Short text fragments from websites
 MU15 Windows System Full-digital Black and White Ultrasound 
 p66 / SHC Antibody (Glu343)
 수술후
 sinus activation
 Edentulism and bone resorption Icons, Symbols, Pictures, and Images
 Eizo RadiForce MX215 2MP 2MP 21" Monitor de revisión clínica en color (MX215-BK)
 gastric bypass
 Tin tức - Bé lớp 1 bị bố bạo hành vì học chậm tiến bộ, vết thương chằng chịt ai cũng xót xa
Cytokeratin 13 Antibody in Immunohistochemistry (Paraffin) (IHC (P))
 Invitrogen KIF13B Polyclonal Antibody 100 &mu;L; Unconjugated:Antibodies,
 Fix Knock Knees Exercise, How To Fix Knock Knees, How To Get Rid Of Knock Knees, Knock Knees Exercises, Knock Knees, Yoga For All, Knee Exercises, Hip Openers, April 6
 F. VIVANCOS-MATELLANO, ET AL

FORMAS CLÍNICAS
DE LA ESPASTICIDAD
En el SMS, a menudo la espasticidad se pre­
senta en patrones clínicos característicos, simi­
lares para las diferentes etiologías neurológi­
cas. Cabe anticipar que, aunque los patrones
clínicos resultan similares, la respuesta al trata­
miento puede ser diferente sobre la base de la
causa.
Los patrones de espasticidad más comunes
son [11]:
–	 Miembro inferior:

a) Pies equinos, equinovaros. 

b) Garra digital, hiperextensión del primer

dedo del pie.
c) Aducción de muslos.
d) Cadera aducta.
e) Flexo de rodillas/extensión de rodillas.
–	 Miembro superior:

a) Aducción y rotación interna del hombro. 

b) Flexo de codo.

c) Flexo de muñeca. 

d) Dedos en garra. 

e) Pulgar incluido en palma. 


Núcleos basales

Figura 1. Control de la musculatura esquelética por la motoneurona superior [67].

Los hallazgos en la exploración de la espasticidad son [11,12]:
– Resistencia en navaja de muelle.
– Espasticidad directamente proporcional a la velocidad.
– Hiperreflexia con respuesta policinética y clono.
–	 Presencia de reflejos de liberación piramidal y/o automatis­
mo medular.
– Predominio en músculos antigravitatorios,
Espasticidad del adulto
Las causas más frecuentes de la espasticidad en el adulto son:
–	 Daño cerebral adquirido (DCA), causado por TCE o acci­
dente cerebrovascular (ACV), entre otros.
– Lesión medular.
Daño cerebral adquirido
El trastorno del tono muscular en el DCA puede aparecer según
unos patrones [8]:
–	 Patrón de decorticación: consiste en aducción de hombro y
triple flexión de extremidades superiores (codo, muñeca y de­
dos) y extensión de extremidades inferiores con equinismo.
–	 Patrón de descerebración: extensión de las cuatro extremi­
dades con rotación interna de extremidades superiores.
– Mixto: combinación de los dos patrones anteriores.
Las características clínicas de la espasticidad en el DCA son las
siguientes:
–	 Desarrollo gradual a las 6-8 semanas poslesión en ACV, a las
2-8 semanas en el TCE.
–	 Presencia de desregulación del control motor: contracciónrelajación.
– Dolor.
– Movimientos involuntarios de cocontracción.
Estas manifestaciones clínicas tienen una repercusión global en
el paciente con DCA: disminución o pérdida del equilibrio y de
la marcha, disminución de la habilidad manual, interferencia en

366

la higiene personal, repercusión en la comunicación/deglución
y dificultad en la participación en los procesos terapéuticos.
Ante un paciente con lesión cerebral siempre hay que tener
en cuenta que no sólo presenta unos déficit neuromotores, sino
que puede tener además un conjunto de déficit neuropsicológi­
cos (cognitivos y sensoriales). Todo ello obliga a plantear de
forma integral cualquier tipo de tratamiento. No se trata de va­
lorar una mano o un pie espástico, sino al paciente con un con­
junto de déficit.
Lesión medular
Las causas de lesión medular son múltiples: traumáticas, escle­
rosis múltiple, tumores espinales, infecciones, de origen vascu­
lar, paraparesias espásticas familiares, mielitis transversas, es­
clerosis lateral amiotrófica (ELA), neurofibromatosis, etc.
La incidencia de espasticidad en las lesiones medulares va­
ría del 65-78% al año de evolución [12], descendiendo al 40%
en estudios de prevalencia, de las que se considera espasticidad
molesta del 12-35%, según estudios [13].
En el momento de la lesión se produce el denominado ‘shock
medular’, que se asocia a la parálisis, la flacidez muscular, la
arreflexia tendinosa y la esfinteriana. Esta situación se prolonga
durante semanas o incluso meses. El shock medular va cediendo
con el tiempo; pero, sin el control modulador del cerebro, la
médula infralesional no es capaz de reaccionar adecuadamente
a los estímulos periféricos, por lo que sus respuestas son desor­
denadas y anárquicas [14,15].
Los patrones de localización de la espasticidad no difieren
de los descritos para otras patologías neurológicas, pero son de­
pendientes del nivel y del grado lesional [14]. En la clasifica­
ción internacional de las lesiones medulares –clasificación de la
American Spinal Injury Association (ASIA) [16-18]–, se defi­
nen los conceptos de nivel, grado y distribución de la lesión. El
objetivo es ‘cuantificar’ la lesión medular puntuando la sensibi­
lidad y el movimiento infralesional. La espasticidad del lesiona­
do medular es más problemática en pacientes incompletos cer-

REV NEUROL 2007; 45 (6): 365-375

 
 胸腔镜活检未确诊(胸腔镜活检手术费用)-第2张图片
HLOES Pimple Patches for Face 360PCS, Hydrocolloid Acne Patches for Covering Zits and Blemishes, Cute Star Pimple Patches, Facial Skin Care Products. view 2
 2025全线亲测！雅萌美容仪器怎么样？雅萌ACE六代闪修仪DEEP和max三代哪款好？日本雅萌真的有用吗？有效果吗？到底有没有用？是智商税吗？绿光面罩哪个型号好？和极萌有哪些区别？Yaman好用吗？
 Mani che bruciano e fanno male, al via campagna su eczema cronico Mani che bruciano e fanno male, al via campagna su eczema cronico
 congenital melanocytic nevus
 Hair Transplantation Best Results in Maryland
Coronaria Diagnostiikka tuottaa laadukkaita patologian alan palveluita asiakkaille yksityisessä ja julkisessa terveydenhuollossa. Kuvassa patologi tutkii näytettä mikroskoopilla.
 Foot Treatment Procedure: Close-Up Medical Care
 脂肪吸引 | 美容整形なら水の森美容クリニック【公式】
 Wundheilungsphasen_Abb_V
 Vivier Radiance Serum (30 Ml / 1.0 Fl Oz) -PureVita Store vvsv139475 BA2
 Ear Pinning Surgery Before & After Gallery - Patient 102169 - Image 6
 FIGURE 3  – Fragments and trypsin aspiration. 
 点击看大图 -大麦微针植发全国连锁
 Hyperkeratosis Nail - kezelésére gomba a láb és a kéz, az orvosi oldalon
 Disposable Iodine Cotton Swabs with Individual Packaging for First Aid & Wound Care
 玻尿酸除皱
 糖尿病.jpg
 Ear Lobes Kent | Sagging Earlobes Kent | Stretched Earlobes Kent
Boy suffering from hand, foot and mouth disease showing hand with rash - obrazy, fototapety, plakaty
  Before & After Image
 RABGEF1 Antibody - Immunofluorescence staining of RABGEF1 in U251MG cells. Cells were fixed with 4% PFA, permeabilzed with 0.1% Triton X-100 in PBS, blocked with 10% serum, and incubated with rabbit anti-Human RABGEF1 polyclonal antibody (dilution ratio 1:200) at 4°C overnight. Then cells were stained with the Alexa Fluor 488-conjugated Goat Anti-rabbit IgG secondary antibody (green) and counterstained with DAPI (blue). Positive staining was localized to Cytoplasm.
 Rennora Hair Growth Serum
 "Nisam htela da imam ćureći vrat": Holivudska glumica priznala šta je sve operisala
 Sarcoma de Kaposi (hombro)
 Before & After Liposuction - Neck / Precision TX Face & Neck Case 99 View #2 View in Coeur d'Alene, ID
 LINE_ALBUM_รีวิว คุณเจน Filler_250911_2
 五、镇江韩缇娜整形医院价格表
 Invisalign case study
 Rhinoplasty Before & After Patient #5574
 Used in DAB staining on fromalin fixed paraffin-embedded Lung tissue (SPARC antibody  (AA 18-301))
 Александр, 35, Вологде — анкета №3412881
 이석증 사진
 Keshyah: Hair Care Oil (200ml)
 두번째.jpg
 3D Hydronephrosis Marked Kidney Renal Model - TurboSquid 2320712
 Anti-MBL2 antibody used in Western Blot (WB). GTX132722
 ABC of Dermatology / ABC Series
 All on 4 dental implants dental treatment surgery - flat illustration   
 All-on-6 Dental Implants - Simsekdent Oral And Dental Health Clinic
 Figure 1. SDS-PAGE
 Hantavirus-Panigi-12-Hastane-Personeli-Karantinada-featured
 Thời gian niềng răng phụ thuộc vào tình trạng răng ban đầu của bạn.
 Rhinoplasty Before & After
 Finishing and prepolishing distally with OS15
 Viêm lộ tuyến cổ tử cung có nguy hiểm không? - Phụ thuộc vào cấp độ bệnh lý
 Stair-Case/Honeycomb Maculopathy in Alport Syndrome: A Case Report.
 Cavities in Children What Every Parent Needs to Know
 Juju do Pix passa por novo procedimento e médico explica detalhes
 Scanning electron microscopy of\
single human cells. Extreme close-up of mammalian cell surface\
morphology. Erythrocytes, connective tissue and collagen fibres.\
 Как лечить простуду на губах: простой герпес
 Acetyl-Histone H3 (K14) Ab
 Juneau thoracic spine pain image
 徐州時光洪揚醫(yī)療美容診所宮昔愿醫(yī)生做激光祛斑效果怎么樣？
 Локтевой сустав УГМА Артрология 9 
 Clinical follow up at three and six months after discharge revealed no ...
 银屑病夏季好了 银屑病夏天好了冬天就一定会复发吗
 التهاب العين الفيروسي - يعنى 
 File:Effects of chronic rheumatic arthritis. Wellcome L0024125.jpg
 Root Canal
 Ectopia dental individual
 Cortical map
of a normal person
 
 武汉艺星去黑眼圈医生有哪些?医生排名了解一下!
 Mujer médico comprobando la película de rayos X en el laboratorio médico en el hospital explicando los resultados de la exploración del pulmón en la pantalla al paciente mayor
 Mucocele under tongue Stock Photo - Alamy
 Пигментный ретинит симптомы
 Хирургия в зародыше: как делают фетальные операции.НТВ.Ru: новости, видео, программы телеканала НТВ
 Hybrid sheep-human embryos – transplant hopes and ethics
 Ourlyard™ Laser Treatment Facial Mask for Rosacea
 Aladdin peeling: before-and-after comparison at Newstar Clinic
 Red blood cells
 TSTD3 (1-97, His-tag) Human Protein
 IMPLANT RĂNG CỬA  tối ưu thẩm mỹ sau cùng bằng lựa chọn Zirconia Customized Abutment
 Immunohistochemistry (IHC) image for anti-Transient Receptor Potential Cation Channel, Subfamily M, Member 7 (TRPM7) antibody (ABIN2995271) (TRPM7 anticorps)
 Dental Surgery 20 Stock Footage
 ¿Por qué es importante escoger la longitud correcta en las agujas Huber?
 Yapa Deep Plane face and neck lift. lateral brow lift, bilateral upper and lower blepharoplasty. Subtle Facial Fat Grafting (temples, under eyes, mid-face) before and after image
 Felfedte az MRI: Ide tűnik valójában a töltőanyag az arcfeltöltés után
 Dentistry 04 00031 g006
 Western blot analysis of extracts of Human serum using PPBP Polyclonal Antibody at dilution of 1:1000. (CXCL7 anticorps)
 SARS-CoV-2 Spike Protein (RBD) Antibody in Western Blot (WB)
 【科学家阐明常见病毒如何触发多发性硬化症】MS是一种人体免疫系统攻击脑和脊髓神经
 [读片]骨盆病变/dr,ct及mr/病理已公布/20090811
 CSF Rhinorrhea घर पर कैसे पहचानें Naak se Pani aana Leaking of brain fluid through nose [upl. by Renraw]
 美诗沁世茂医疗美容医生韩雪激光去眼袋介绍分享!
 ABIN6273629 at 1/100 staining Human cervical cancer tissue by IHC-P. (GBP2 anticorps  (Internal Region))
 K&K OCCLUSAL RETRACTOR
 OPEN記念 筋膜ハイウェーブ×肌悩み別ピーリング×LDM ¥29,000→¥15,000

**WHAT THIS TASK INVOLVES**: What is needed is a verbatim copy of every line in the records above from the one containing "F. VIVANCOS-MATELLANO, ET AL" down to the one containing "b) Garra digital, hiperextensión del primer", both included, and nothing more.

**RESULT FOR THIS TASK**:
 F. VIVANCOS-MATELLANO, ET AL

FORMAS CLÍNICAS
DE LA ESPASTICIDAD
En el SMS, a menudo la espasticidad se pre­
senta en patrones clínicos característicos, simi­
lares para las diferentes etiologías neurológi­
cas. Cabe anticipar que, aunque los patrones
clínicos resultan similares, la respuesta al trata­
miento puede ser diferente sobre la base de la
causa.
Los patrones de espasticidad más comunes
son [11]:
–	 Miembro inferior:

a) Pies equinos, equinovaros. 

b) Garra digital, hiperextensión del primer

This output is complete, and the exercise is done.